Exercise input:
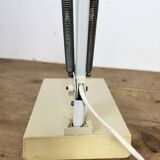 Vintage White Italian Architect Table Lamp, 1970s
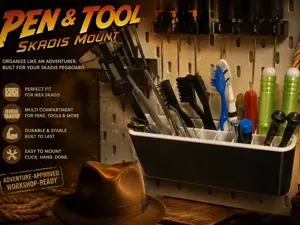Pen & Tool Skadis mount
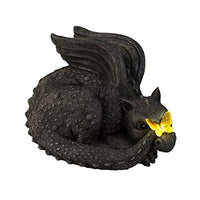 8" LED DRAGON BABY W/BUTTERFLY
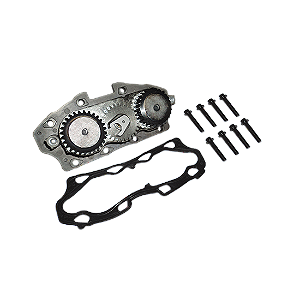 KIT REGULADOR COMPLETO TAMPA DE ALUMÍNIO MERITOR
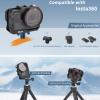 camera Cage for Insta360 Ace Pro 2, Nitze Cage for Ace Pro/Ace, with 52mm Filter Adapter Ring view 4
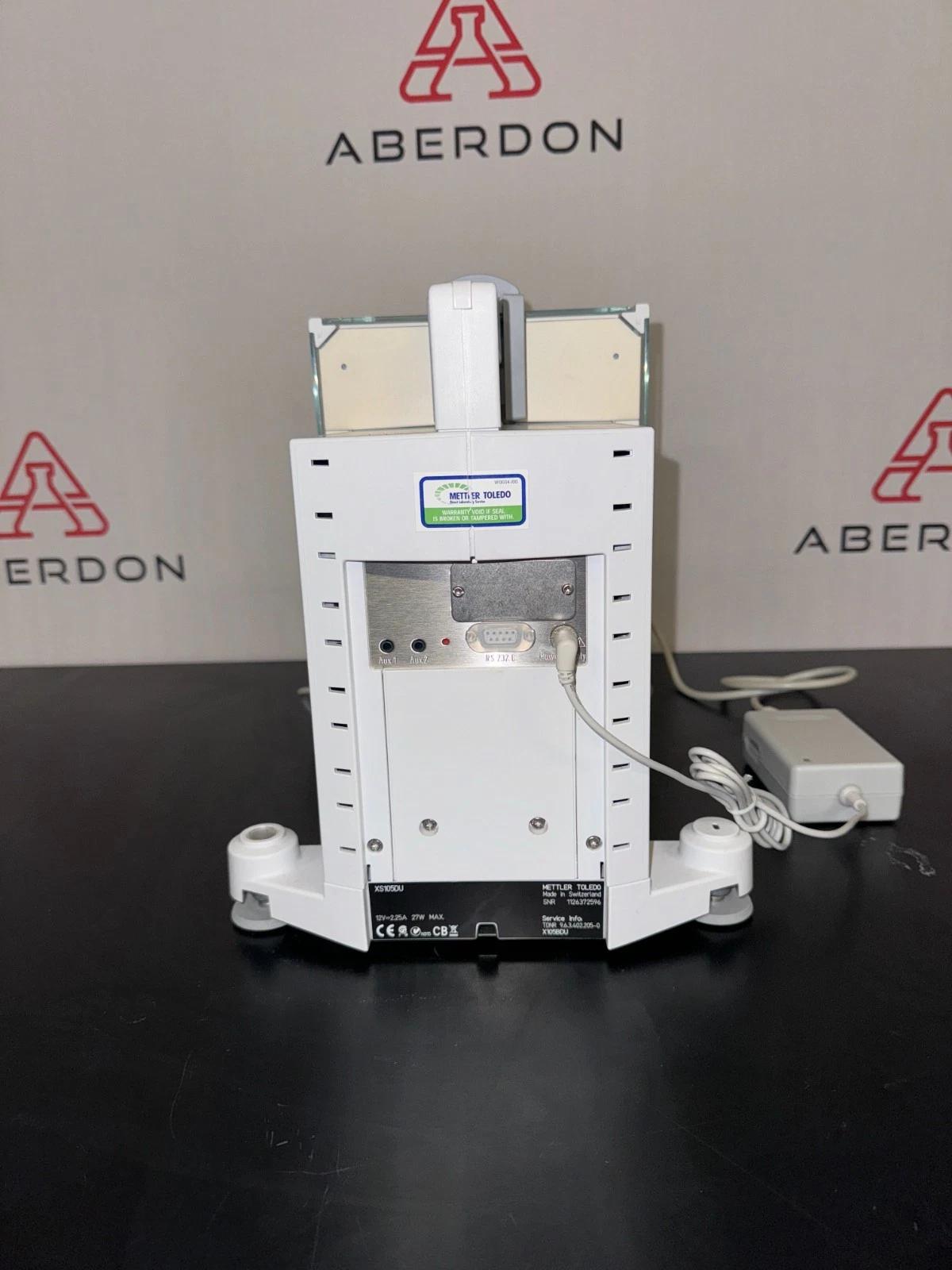 Mettler Toledo XS105DU DualRange Digital Analytical Balance Scale 18017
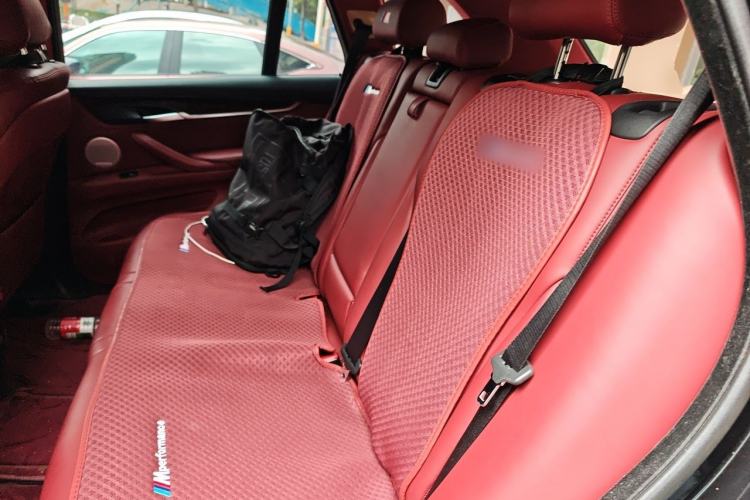 Used BMW X5 2018 xDrive35i Elegant Edition Left Rear Seat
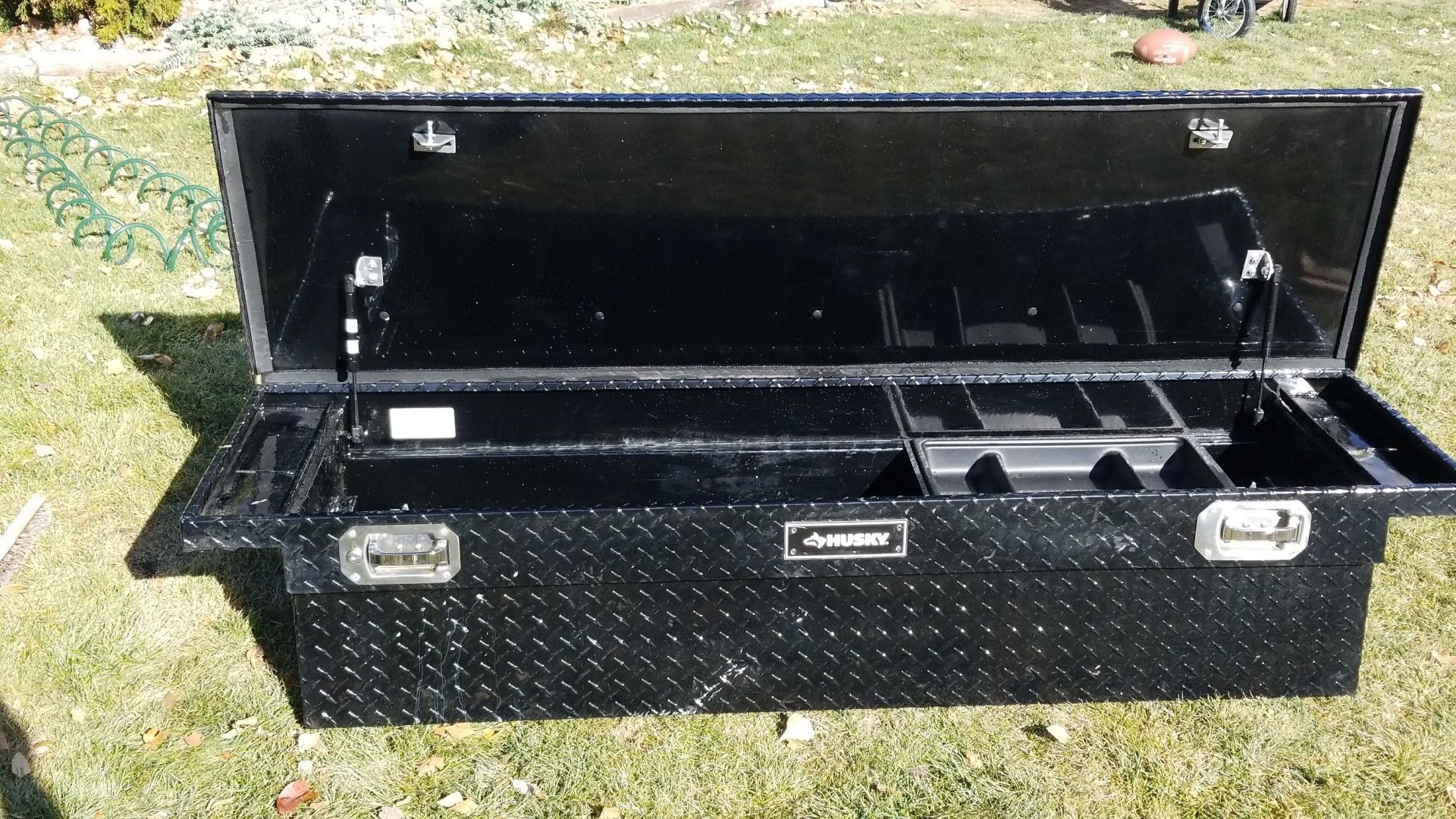Husky 70 inch low profile tool box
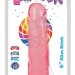 Фаллоимитатор Slim Stick Dildo - 15,2 см, цвет: розовый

Description of the task: The pictures stay out of the copy. Set down the entries above precisely.

Solution to this problem:
 Vintage White Italian Architect Table Lamp, 1970s
Pen & Tool Skadis mount
 8" LED DRAGON BABY W/BUTTERFLY
 KIT REGULADOR COMPLETO TAMPA DE ALUMÍNIO MERITOR
 camera Cage for Insta360 Ace Pro 2, Nitze Cage for Ace Pro/Ace, with 52mm Filter Adapter Ring view 4
 Mettler Toledo XS105DU DualRange Digital Analytical Balance Scale 18017
 Used BMW X5 2018 xDrive35i Elegant Edition Left Rear Seat
Husky 70 inch low profile tool box
 Фаллоимитатор Slim Stick Dildo - 15,2 см, цвет: розовый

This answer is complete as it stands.